Ask average investors about oil and gas shale, and they'll mention stocks tied to Marcellus, Bakken and Eagle Ford. In 2012, however, investors may be talking more about the Monterey Shale in California. But the conversation may center more on Venoco Inc. (VQ) rather than the formation's vast reserves.
The Monterey Shale is five times larger than Eagle Ford, and the EIA believes 15.4 billion barrels, equal to about 64% of all recoverable shale oil in the continental U.S., can be extracted. It runs from Northern California down to Los Angeles. As one of the oldest active formations, it's home to existing exploration and production infrastructure.
Yet, despite its size, investors often overlook it. The majority of players operating in Monterey aren't small independents. Instead, they're majors like Occidental Petroleum (OXY), which controls over 1 million acres and has a market cap of $68 billion, or Canadian Natural Resources, which has 70,000 acres and a $35 billion market cap. Drop down a little and you also have Plains Exploration & Production (PXP), which has 86,000 acres and a market cap of $4 billion.

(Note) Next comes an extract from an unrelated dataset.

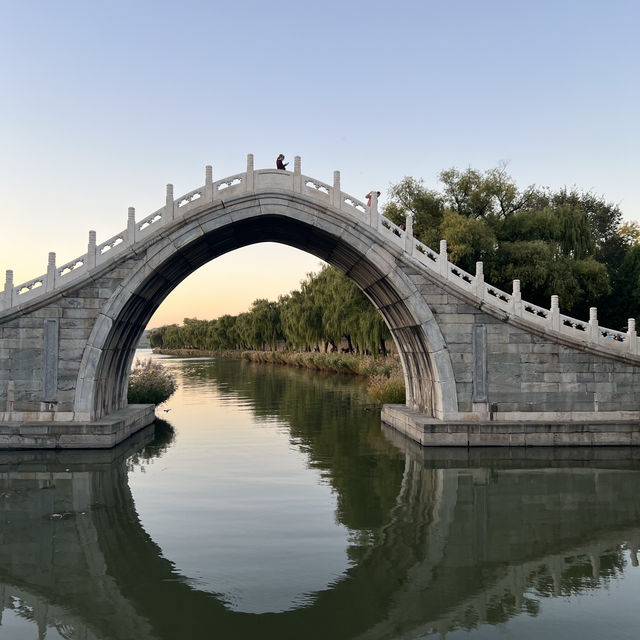 安然自在遊玩頣和園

While Monterey may not have a lot of wildcatting independents ripe for take-over, it does have Venoco Inc., a company that has been riddled with drama over the past decade.
Timothy Marquez and Rod Eson started Venoco back in 1992, reportedly using credit cards to acquire their first California well. Today, the company has 304,000 gross acres in Monterey alone, making it the biggest independent play in the Monterey Shale.

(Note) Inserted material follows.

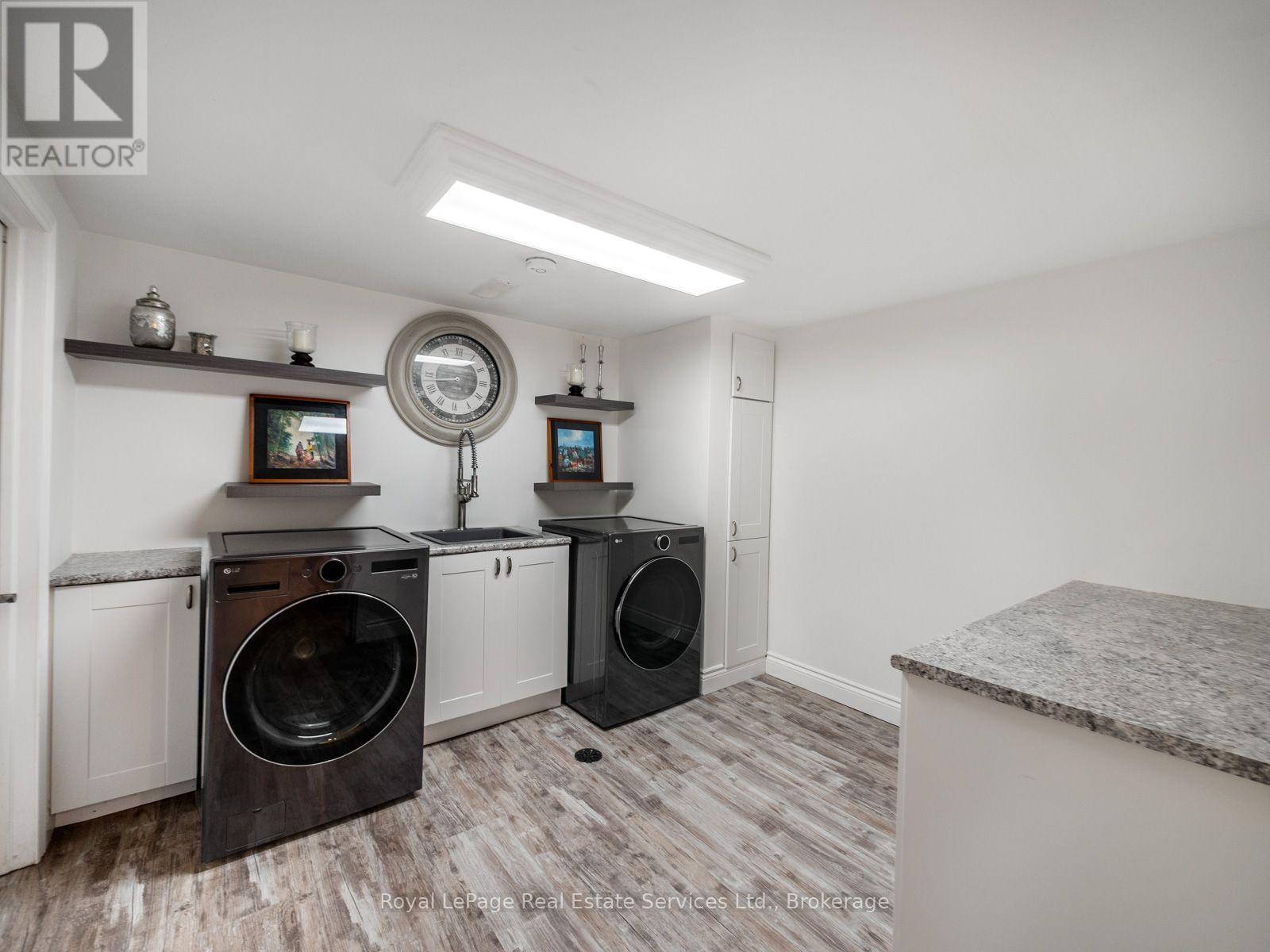2160 Aintree Terrace Property Photo 36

Despite its vast exposure to the formation, Venoco's back-story has given investors pause. In 1998, Enron acquired a 26% stake in Venoco for $60 million, an ill-fated decision that created C-level chaos a few years later when Enron, struggling to sell assets to avert its self-inflicted Armageddon, attempted to sell the stake back to Venoco for $65 million. According to the book Parts per million: The Poisoning of Beverly Hills High School by Joy Horowitz, the offer to sell back to Venoco nearly ended in brawl, as Enron officials cursed co-founder Marquez for his unwillingness to buy back shares and saddle his firm with debt.
Marquez's co-founder Eson, however, was more willing to work with Enron. This created an untenable situation, resulting in Marquez firing Eson and CFO Bill Wineland, only to have that decision later invalidated and reversed by a Delaware court. Once Eson and Wineland returned to Venoco, Marquez was instead forced out. Marquez, however, kept his shares and remained on the board.
Marquez returned to Venoco in 2004, buying out Eson's and Enron's stake for $14 million. Venoco was taken public in 2006, with Marquez retaining 50.3% ownership in a deal which proved very profitable for him. At its high in June 2008, Venoco's market cap topped a billion dollars, as shares traded north of $22. Today, shares trade around $9.50.
This past August, Marquez offered to take the company private again, offering $12.50 per share. On September 26, Venoco's board hired Bank of America Merrill Lynch (BAC) to consider the offer.
Long-term investors are unimpressed. While above recent lows of $7.43, the deal values the stock at less than it has traded for most of the past 18 months. If you bought at less than $3 back in 2009, you're happy. But for many the offer smacks of an attempt by Marquez to double-dip at shareholders' expense. Perhaps instead its aim is to wake up shale hungry competitors, such as Chesapeake (CHK) and Berry Petroleum (BRY), rumored to be locking up Monterey acreage. More likely, it’s a sign of frustration on Marquez's part -- he has watched shares rise markedly for other shale plays with seemingly less production upside than his company.
For the right price, it would seem a savvy buy. The stock will earn nearly $0.80 per share this year and analysts forecast earnings at $0.84 next year. And, that number could go higher thanks to approval for Venoco's new pipeline to its 2,000 bbl/d South Ellwood Field, which may boost Venoco's realized prices by $5-7 per barrel.
In addition to the $87 million in revenue last quarter, the acquirer gets 60,000 Monterey acres held by production. They'll also benefit from Venoco's $250 million in 2011 capital spending, nearly half of which is funding Monterey E&P and could add production next year.
Whether Marquez offer is a starting bid remains to be seen. He controls over 50% of the company, which means an acquirer will need his approval. Only his family can know his intentions and willingness to keep the company. But we do know that he's in his early fifties, has grown children and has become more active in philanthropy near his Denver home, which isn't exactly next door to Venoco's Cupertino, Calif., headquarters.
If he isn't ready to give up the reins, investors could still reap a 30% return if the board accepts his offer. Clearly, investors are skeptical, since shares are trading at a steep discount to the offer. For aggressive investors, taking Venoco with a stop-loss may provide significant upside, assuming one can handle the likely drama. If not, those interested in Monterey should keep a close eye on competitor's earnings calls to see if any new Monterey acreage is reported.